5 minutes with: Dr Christian von Wagner

Dr Christian von Wagner is a Reader in Behavioural Research of Early Diagnosis of Cancer at the Health Behaviour Research Centre, UCL. He is working on research into the social and psychological determinants of uptake of the NHS Bowel Cancer Screening Programme. His other research interests are patient experience of bowel cancer screening and diagnostic tests, patient decision making and preferences, health literacy and cancer communication.

  1. When/where do you get your best research ideas?

I think the best ideas come when talking to colleagues or when I am on a train.

  1. Which failure(s) changed you the most?

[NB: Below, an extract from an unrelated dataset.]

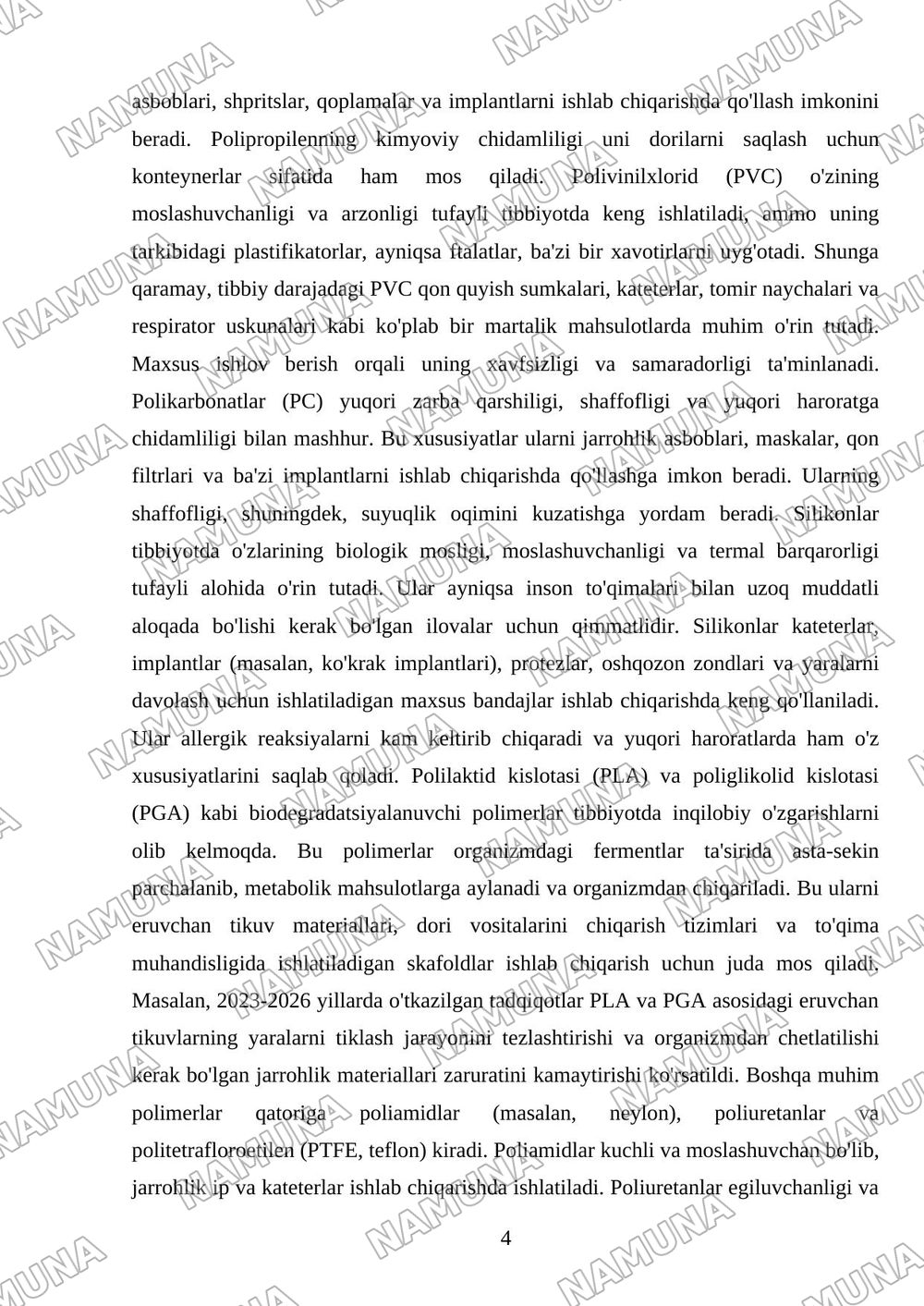 Pollimer materiallarining tibbiyotda qollanilishi — mustaqil ish, 4-varaq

I like to think that I learn from my mistakes, but I am not sure that is true. I certainly had grant rejections which have been very disappointing but perhaps one of my biggest weaknesses is that I do not like to dwell on failure but just carry on.

  1. What is the best piece of advice (work or life) you’ve been given?

The late Professor Jane Wardle was the biggest inspiration for me. I can not think of a specific piece of advice but everyone who knew her would learn from her. She taught me that enthusiasm, collegiality and a strong work ethic are very important qualities in an academic.

  1. I’m inspired most by…

The desire to make a meaningful impact on cancer outcomes through behavioural science.

  1. What’s an event that changed your life?

I suppose losing two really important mentors with Jane and Professor Wendy Atkin has had a lasting impact and forced me to grow up as a researcher and team leader.

  1. What’s the next big thing in cancer? What will be the game changers?

I think there are many exciting new developments in understanding cancer risk which will potentially change the landscape of screening and early diagnosis. The real challenge for me is to ensure that behavioural interventions to support engagement with these new technologies also keep evolving.

  1. What is your favourite paper that you’ve published in the last 5 years (the one you’re most proud of)?

I really enjoy working on online experiments and particularly a series of studies looking at the impact of social norms on intention to take part in the bowel scope screening programme. The results were really promising and it is a shame that some of the interventions that applied the findings from studies like this (e.g. annual reminders) could not be implemented more widely.



The views expressed are those of the author. Posting of the blog does not signify that the Cancer Prevention Group endorse those views or opinions.